[Opening DATA TO USE section]
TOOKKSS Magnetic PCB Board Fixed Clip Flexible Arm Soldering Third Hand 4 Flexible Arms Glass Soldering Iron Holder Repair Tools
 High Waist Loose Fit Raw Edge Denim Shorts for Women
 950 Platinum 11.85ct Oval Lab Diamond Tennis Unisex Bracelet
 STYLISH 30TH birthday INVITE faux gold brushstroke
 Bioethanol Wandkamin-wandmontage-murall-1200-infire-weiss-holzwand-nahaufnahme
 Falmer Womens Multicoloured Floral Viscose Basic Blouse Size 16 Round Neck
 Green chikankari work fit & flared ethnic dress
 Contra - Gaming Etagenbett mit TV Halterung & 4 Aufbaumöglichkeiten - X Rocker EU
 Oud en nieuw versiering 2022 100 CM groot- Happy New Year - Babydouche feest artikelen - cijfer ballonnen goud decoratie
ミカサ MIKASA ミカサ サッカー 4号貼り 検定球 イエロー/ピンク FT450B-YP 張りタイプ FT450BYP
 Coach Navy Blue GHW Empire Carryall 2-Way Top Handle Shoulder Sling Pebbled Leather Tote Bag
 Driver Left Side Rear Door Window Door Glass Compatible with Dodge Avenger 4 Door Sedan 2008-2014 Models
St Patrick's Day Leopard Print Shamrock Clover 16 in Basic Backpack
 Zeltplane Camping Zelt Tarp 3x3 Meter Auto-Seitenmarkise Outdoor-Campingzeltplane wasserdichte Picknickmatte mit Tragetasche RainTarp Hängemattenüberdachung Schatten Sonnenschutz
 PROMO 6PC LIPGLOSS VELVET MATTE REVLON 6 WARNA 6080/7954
[Closing DATA TO USE section]
EXERCISE DETAILS:
Please copy the material above without changing a single word.

RESPONSE TO THE TASK:
TOOKKSS Magnetic PCB Board Fixed Clip Flexible Arm Soldering Third Hand 4 Flexible Arms Glass Soldering Iron Holder Repair Tools
 High Waist Loose Fit Raw Edge Denim Shorts for Women
 950 Platinum 11.85ct Oval Lab Diamond Tennis Unisex Bracelet
 STYLISH 30TH birthday INVITE faux gold brushstroke
 Bioethanol Wandkamin-wandmontage-murall-1200-infire-weiss-holzwand-nahaufnahme
 Falmer Womens Multicoloured Floral Viscose Basic Blouse Size 16 Round Neck
 Green chikankari work fit & flared ethnic dress
 Contra - Gaming Etagenbett mit TV Halterung & 4 Aufbaumöglichkeiten - X Rocker EU
 Oud en nieuw versiering 2022 100 CM groot- Happy New Year - Babydouche feest artikelen - cijfer ballonnen goud decoratie
ミカサ MIKASA ミカサ サッカー 4号貼り 検定球 イエロー/ピンク FT450B-YP 張りタイプ FT450BYP
 Coach Navy Blue GHW Empire Carryall 2-Way Top Handle Shoulder Sling Pebbled Leather Tote Bag
 Driver Left Side Rear Door Window Door Glass Compatible with Dodge Avenger 4 Door Sedan 2008-2014 Models
St Patrick's Day Leopard Print Shamrock Clover 16 in Basic Backpack
 Zeltplane Camping Zelt Tarp 3x3 Meter Auto-Seitenmarkise Outdoor-Campingzeltplane wasserdichte Picknickmatte mit Tragetasche RainTarp Hängemattenüberdachung Schatten Sonnenschutz
 PROMO 6PC LIPGLOSS VELVET MATTE REVLON 6 WARNA 6080/7954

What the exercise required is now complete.